/zivwi

Drive slow, homie.

Primary LanguageGo

zivwi

Drive slow, homie.

This repository contains a payment handling backend system prototype built in Go. Using NSQ, it asynchronously processes transactions.

Context

STACK: Echo + NSQ + Postgres

As stated above, this prototype has one goal: to allow transfers between accounts and the retrieval of their balances. To accomplish that, the following data model has been proposed:

  • User: email, password, first and last name. Many accounts.
  • Account: it just has a balance (expressed in cents) which can't go below zero.
  • Transfer: it stores the amount (expressed in cents), the source account and the destination account, as well as its status and timestamps (created, updated). Additionally, it counts with two optional fields: transaction concept and one to log error messages in case that the transaction can't be fulfilled.

Once presented the data model, let dive deep on the fundamentals and foundations of this solution.

First of all, while coding this prototype, my technical inspiration was highly driven by two design patterns: Event Sourcing and CQRS, which are often related one to another. In the proposed solution, these patterns have been superficially implemented. For instance, the app logs events in the flavor of "Transfers". Then, the internal services calculate in a background process (a primitive version of a CQRS Saga, having the account balances calculated on the existing Transfer records stored in the database.

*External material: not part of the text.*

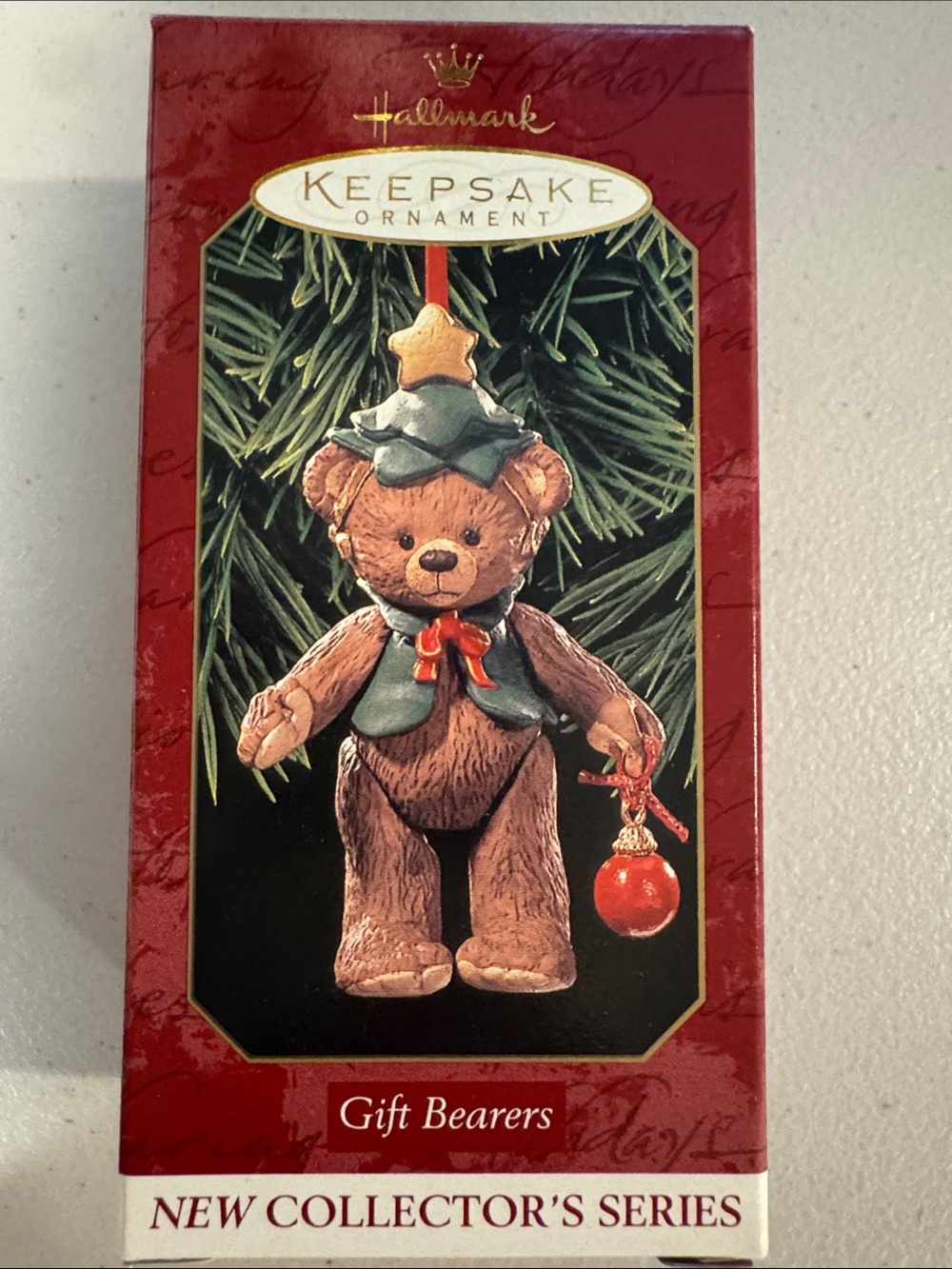 Hallmark Brown Teddy Bear Ornament with Green Hat and Red Ball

By being inspired by these patterns and embracing eventual consistency, I've created a system that dodges race-conditions. It also eases out audition efforts and reduces response times, among other goodies.

In another line of decisions, I have used relational schema black arts to accomplish my goals, rather than keeping a pristine schema that does a better job on maintaining the referential integrity across tables. For instance, I decided that the "users" table would hold an array of account identifiers, allowing for faster logins by querying just once the database (without joining tables).

Setup

These are the following steps to get up and running. Before following these instructions, make sure that the ports 3000, 4150, 4151, 4160, 4161 and 4171 are not in usage.

  1. clone this repo somewhere in your $GOPATH.
  2. Move into the projects directory.
  3. docker-compose up

Usage

PROTIP: If you're a user of Paw, I left a Paw project in the repository for trying out the API.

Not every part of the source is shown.